Enfin, nous pensons que cette démarche de tarification ne doit être considérée que comme une étape transitoire, et à plus long terme accessoire, en attendant que les pratiques évoluent à grandes échelles vers des modes de vies et moyens de transports plus vertueux que l’usage de la voiture individuelle.
Conclusion
EDEN reste convaincu que cette transition peut se faire de manière positive, déterminée et populaire, en prenant exemple sur des villes européennes ayant réussi totalement ou partiellement cette transition.
Ce projet de ZFE-m ressemble essentiellement à un coûteux coup de communication avec des effets marginaux sur la pollution de l’air. Cette réglementation locale risque néanmoins de nuire à une portion significative de la population moins favorisée, souvent périurbaine qui aura des difficultés à s’adapter.
EDEN insiste sur l’importance d’aménager nos communes, nos villes et notre environnement pour inviter à s’y déplacer et à y vivre autrement qu’en voiture.
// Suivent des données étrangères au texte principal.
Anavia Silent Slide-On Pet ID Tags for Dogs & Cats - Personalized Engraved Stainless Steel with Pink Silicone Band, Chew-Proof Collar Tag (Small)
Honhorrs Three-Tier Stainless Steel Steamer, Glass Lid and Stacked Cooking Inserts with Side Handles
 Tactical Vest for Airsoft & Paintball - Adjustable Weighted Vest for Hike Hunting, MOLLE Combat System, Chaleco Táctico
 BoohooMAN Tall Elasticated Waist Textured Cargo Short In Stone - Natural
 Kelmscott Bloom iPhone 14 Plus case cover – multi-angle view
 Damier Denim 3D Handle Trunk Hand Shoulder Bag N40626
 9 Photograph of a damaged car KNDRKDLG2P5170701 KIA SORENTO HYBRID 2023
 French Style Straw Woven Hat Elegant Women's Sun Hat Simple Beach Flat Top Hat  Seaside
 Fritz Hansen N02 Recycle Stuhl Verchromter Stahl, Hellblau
Toute la place nécessaire doit être faite aux piétons, aux transports en commun, aux cyclistes et autres modes de déplacement actifs ou doux.
À propos de la circulation différenciée lors d’épisodes de pollution
EDEN reste favorable à la mise en œuvre de la circulation différenciée basée sur la vignette Crit’air lors d’épisodes de pollution particulièrement intenses. Cette disposition est réglementairement mise en œuvre par la Préfecture, pas par la Métropole et est indépendante de la ZFE-m. Nous avions fait part de nos observations lors de sa phase de concertation publique :
https://as-eden.org/qualite-de-lair/vignette-critair-sur-le-grand-nancy/
Nous faisons remarquer que la circulation différenciée n’a jamais été déclenchée sur le territoire depuis que la vignette Crit’air y a été déployée. En effet, les épisodes de pollution ont toujours été suffisamment contenus et courts pour éviter d’avoir recours à cette mesure radicale.